Ils sont plus d’un millier de tracteurs à converger depuis tôt ce matin vers la capitale pour alerter sur la baisse de leurs revenus, la précarisation de la profession et mettre la pression sur la Grande Distribution. Les agriculteurs manifestent contre l’absence de matérialisation des mesures de soutien promises avec la loi Egalim, issue des Etats Généraux de l’alimentation et mise en place en début d’année.
Les agriculteurs sont en colère et veulent le faire savoir ! Plus de 1 000 tracteurs se rassemblent et avancent ce matin vers Paris et notamment l’Avenue Foch dans le 16ème arrondissement. Ils viennent de plusieurs régions de France : Normandie, Grand-Est, Centre-Val-de-Loire, Hauts-de-France, Bourgogne-Franche-Comté… Et entendent aussi bloquer les principaux axes routiers d’Île-de-France.

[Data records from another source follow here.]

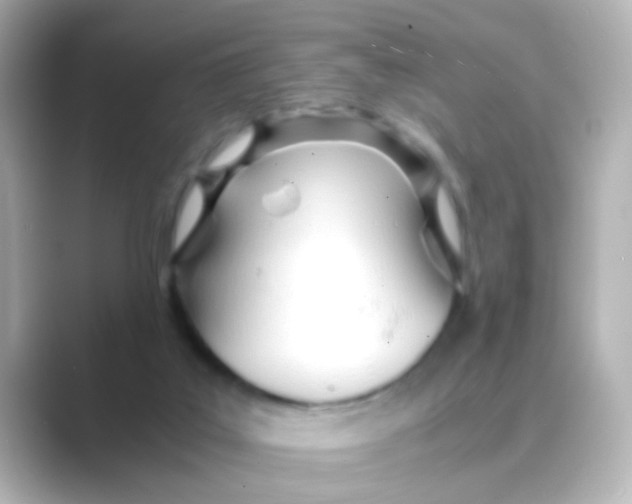 X0000088680019200706211917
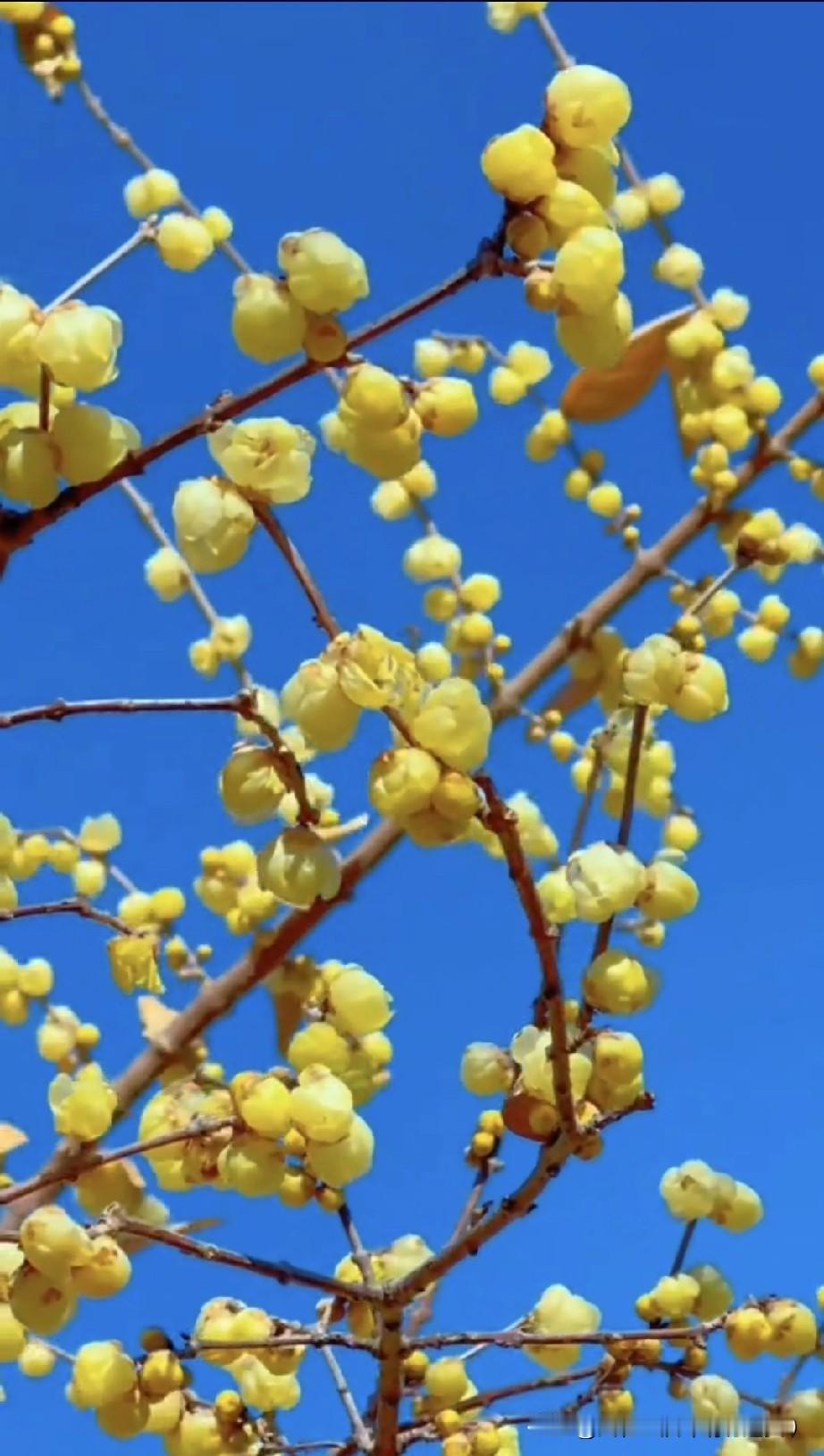 人到中年心态有什么变化吗？
 
年轻时爱争输赢，凡事都要较个高下，总觉得远方才有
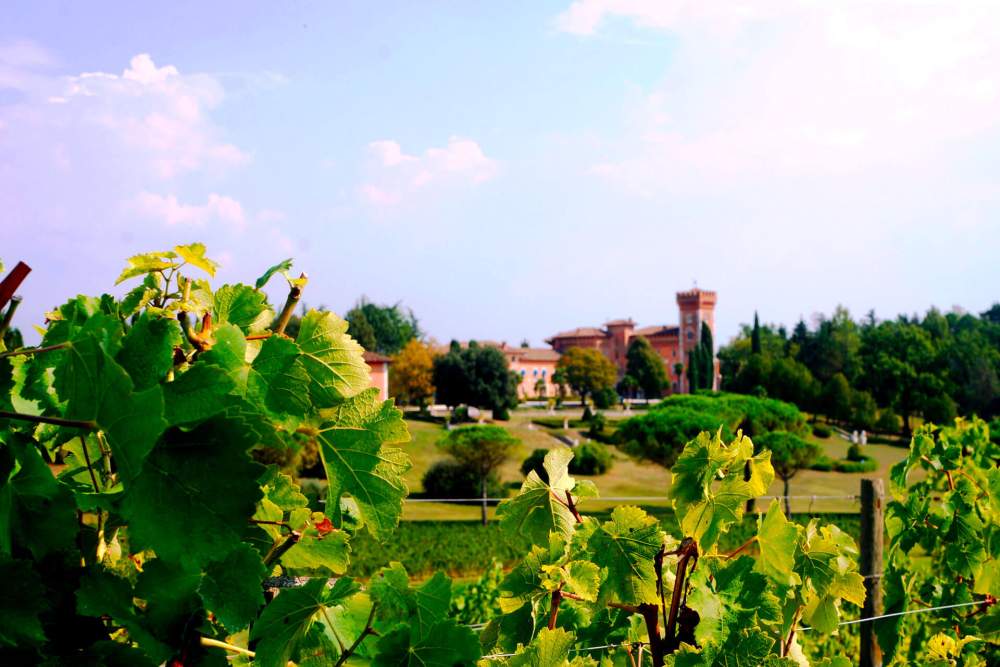 Castello di Spessa Galeriebild
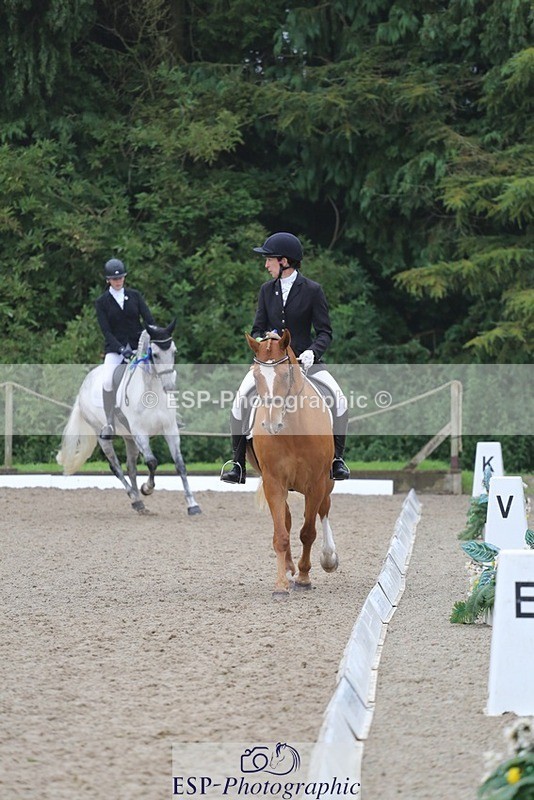 240720-125032-05154 - Cls 5 Novice BRONZE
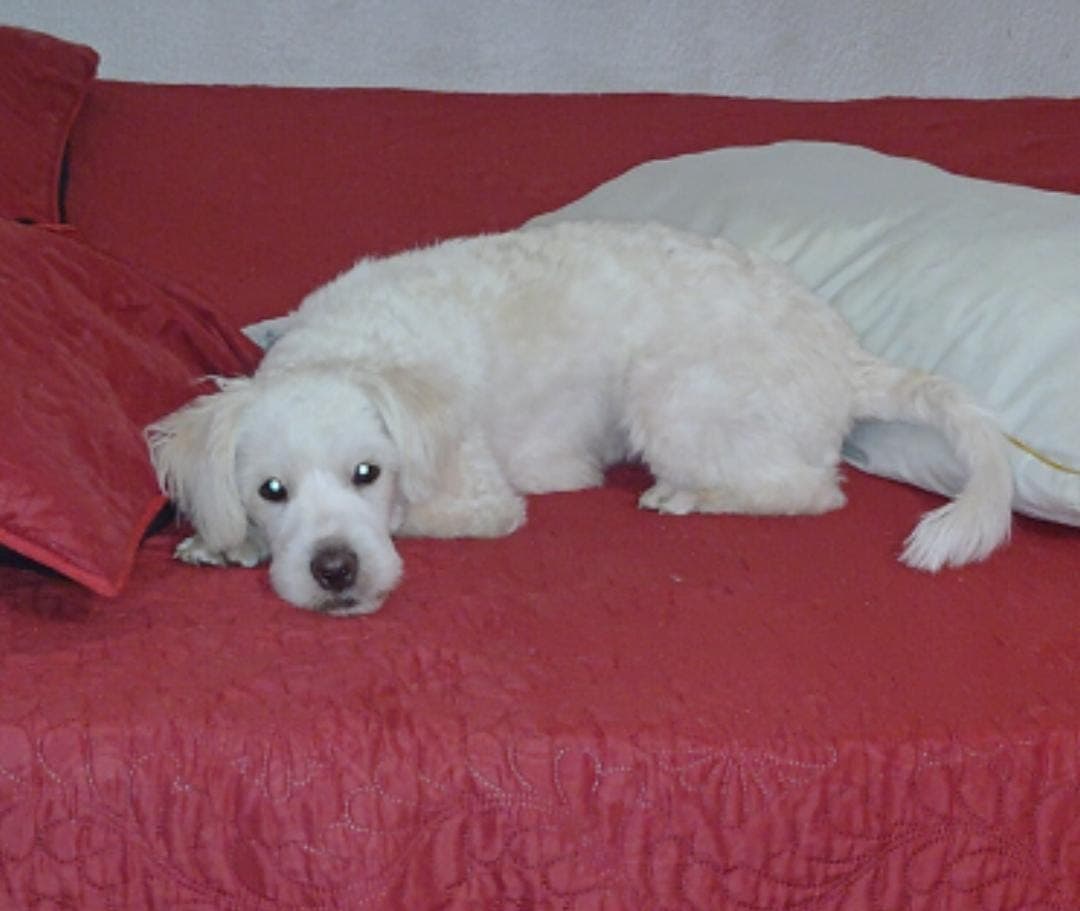perro perdido en Cali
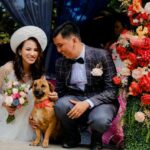 Un shooting mariage avec chiens : capturer des moments inoubliables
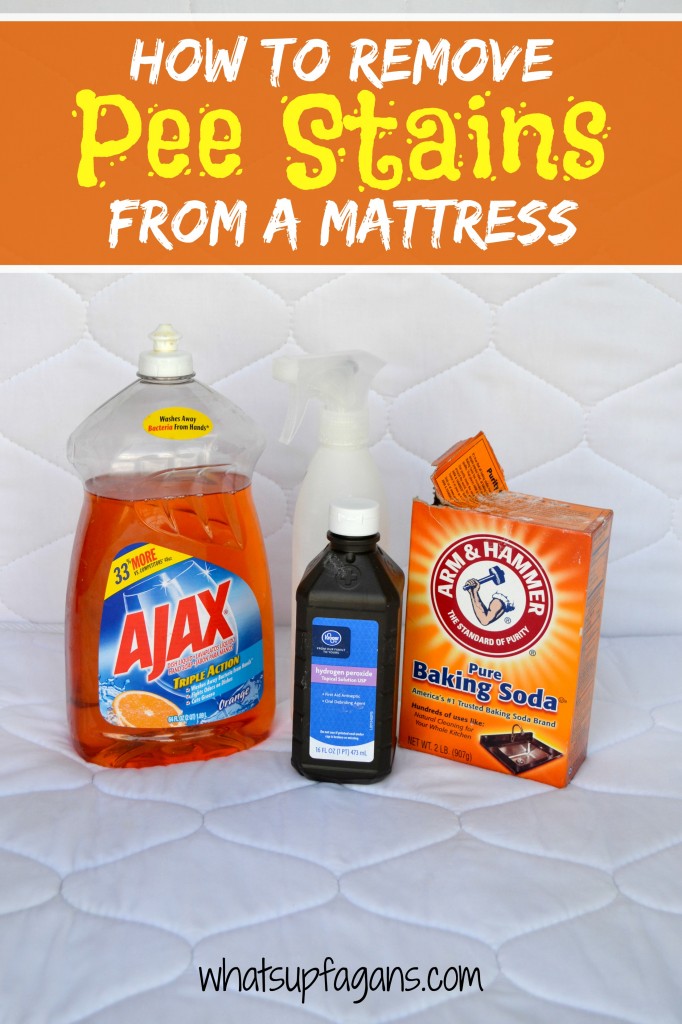 How to Remove Pee Stains from your mattress, and remove the smell!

Au cœur de leurs revendications ? Le manque de revenus mais aussi une situation qui ne s’améliore pas malgré les promesses. La Loi Egalim était censée rééquilibrer les revenus entre les producteurs et les distributeurs, mais jusqu’ici les agriculteurs disent ne pas vraiment voir de différence. Ils accusent même la Grande Distribution de ne pas respecter les accords signés. Les agriculteurs attendent des prix rémunérateurs qui tiennent compte des coûts de production, des salaires éventuels et des charges. Or, la logique de construction des prix dans l’agriculture fonctionne à l’envers comme l’explique parfaitement François-Etienne Mercier, Porte-parole des Jeunes Agriculteurs :
Les agriculteurs dénoncent également les accords de libre échange signés sans contrepartie : CETA, TAFTA, JEFTA, MERCOSUR.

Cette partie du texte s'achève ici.